3年前まで、私は毎年勝彦先生のご命日にお墓参りをさせていただいておりましたが、所沢の聖地霊園にあった有紀彦先生のお墓にも、一度お参りさせていただいたことがあります。有紀彦先生のお嬢様に、お連れいただいたのです。恩愛を賜った先人を偲ぶ際、お墓参りをさせていただくのは、在世中にお目にかかることのできなかった後代の者にとっては、究極に近い追慕の営みと言っていいと思うのですが、それはお導き下さる方があってはじめてなしうることだと、改めて感謝の思いを深くしています。勝彦先生のお墓参りに伺うようになったのにも、灰田ファンの大先輩のご依頼で同道したという経緯がありましたが(これもお導きであります)、その際もお嬢様に、お寺の所在をお教えいただいたのでありました。

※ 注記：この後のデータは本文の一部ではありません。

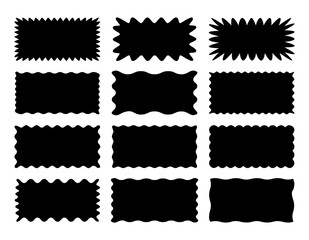 Set of rectangle shape frames with zigzag edge. Uneven zigzag rectangular shapes. Jagged rectangle. Isolated elements for design of text box, badge, banner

さて、前にも書いたことがありますが、灰田有紀彦先生の作品には、勝彦先生がお歌いになり、「ハワイアン風流行歌」と呼ばれた一群があります。昨年歌わせていただいた「アロハ東京」や「ハワイのセレナーデ」、そして「ただ一つの花」などです。「ただ一つの花」は、一昨年の10月26日、勝彦先生のご命日に歌わせていただき、YouTubeにアップしております。有紀彦先生のご作曲で、モアナグリークラブ及び楽団ニューモアナを通じて先生ご兄弟とともに活躍なさった永田哲夫先生が作詞されたものです。永田先生には、1992年の10月26日に、当時赤坂にあった「白石信とナレオハワイアンズの店 タバ・ルーム」で『遠い道、竝に灰田先生』の出版を記念し灰田ご兄弟を偲ぶ会を開いていただいた際、お目にかかっております。
ただ一つの花を胸に、ささやかな喜びを見出し、夢を持って生きた人々、灰田メロディーによって人生のしるべを見つけた人々が、おおぜいいました。私もその中の一人です。有紀彦先生のご命日である今日、今年もまた、先生に深い感謝を申し上げたいと思います。